Founded in 1956 as the Conference of Major Superiors of Women, the LCWR faced one of its first major issues of contention with Rome when it looked to change its name in 1971. Church leaders initially objected to the use of the word ‘leadership’ in the title of LCWR, as they feared it conveyed a false sense that the group was deferring less to male authorities and taking matters into its own hands (Briggs, 2006; Quiñonez and Turner, 1992). In response to its calls for social justice and, in turn, women’s ordination, the LCWR and the WOM were in effect told that this form of gender equality was beyond the scope of what the term justice meant. Church leaders and theologians once again attempted to quell the call for women’s ordination through a reminder that God had created the Church as a hierarchy of authority, whereas the world was run by political arrangements on a human level. According to this line of thinking, the Church worked in a top-down fashion, God revealing the sacred truths through the pope and the ‘teaching authority’ of the bishops downward to the people. It wasn’t for ordinary Catholics to bring their own standards of social justice to these truths, which included a ban on women priests … Those things, the Church authorities had decided, were beyond categories of social justice; they were what they were because God said so. (Briggs, 2006: 141)
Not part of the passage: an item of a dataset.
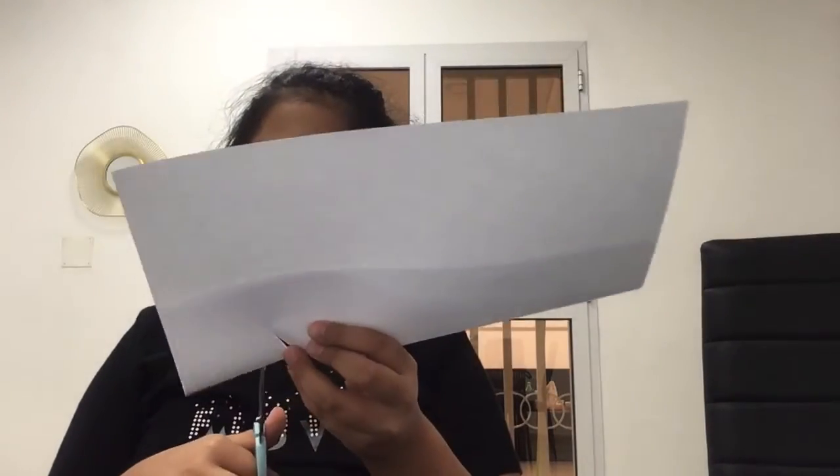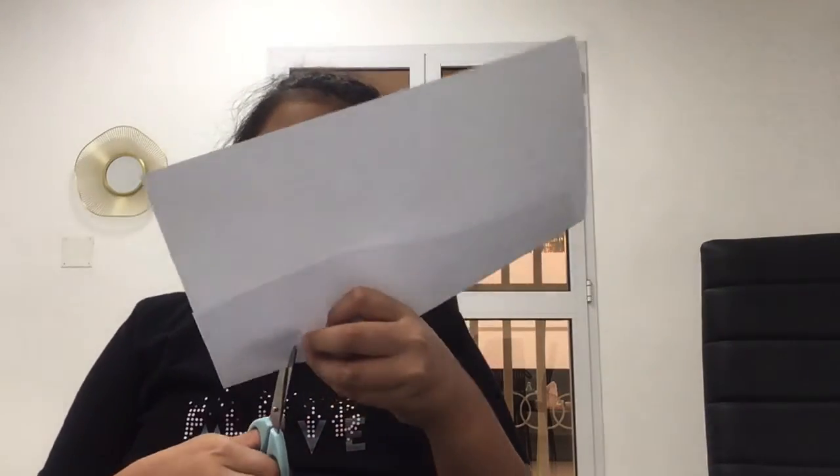You grab the paper and fold it — just look at this. Then you grab your scissors and cut a triangle. When you finish cutting the triangle, cut another triangle on top of that triangle. That's it to make stars — just cut the triangles.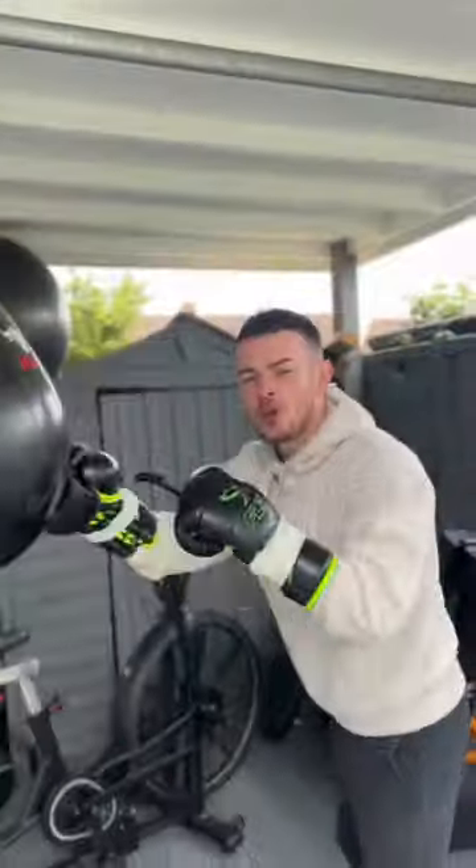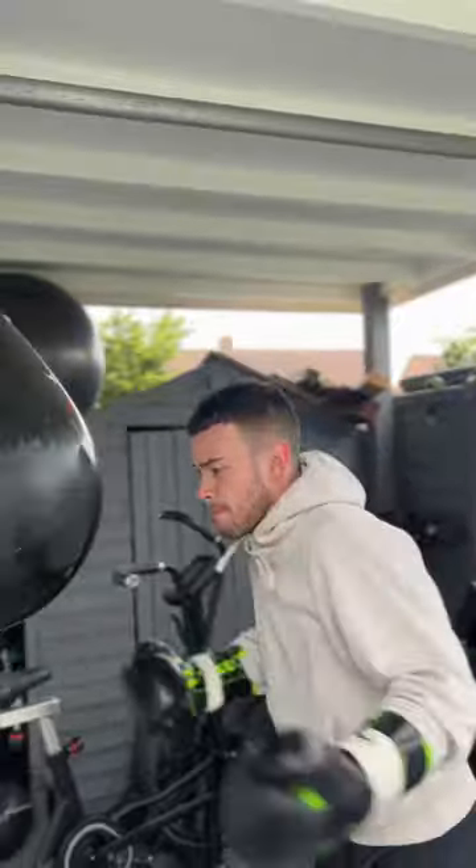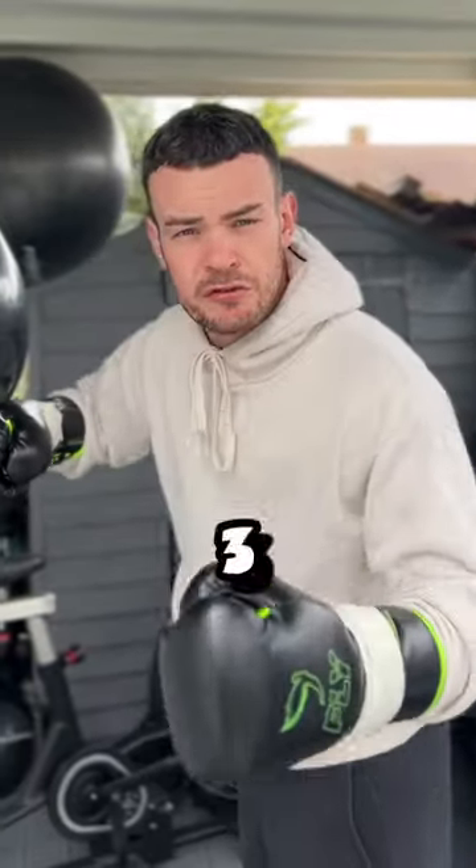Try this six round bag routine to get you ready for your next fight. Your first round, you're doing 30 seconds straight hard punches, followed by 30 seconds hard hooks. Repeat this till you get to three minutes.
I submit that this reasoning provides further evidence of Weber’s (Weber et al., 1978 [1915]: 227) pure type of traditional authority, in that he argues that ‘it is impossible for law or administrative rule to be deliberately created by legislation. Rules which in fact are innovations can be legitimized only by the claim that they have been “valid of yore,” but have only now been recognized by means of “Wisdom.”’ In other words, the Church hierarchy was able to dismiss the calls for women’s ordination by religious sisters and others based solely on the notion that it has been invalid since the beginning of Christianity, and as such cannot be changed now just because some people wish it.
As the movement gained momentum, however, religious sisters were not the only Catholics calling for women to be ordained as priests. In fact, Daigler’s (2012) detailed history of women’s ordination in the United States highlights the fact that the movement did not originally begin with vowed religious sisters, but rather with laywomen. Flowing from the Catholic Women’s Suffrage Society, founded in England in 1911 to secure right to vote for women, the St Joan’s International Alliance expanded its mission ‘to promote the equality of rights between women and men in political, social and church life’ and specifically to work toward the ordination of women (Daigler, 2012: 13–14). The St Joan’s Alliance quickly expanded across the globe, establishing chapters in 24 countries on five continents by the 1970s (Daigler, 2012).
Though Vatican II may have helped to bring the issue to the forefront of Catholic consciousness, there is evidence of women being ordained in the Mediterranean region going back to the first few centuries of the Christian Church (Byrne, 1994; Daigler, 2012). Considered rogue and not sanctioned by the Church, some bishops took to ordaining women not just as priests, but also as bishops, thereby making the ordination of women a self-sustaining process through the Church’s tradition of apostolic succession (Moon, 2008). Similarly, Daigler (2012) points to considerable evidence of theologians, priests, and bishops offering their support for gender equity in the Church in regard to women’s ordination. Perhaps more encouraging, however, is the fact that advocates of women’s ordination found papal support over the years, through speeches, encyclicals, pastoral letters, and similar official documents that promoted the advancement of women’s issues and calls for increased roles for women in the Church. The author quickly qualifies this, however, with the observation that this support was ‘almost certainly unintended’ (Daigler, 2012: 107). In other words, any perceived connection between support for women’s roles in the Church and women’s ordination was a misinterpretation. Certainly, the prevailing view of the Vatican, particularly in the past two decades, has been categorical denunciation of women’s ordination, first with Pope John Paul II’s 1994 writing Ordinatio Sacerdotalis: On reserving priestly ordination to men alone, which not only required that all of the Catholic faithful recognize that ordination was the exclusive province of men, but also forbade further discussion of the subject (Byrne, 1994; Daigler, 2012).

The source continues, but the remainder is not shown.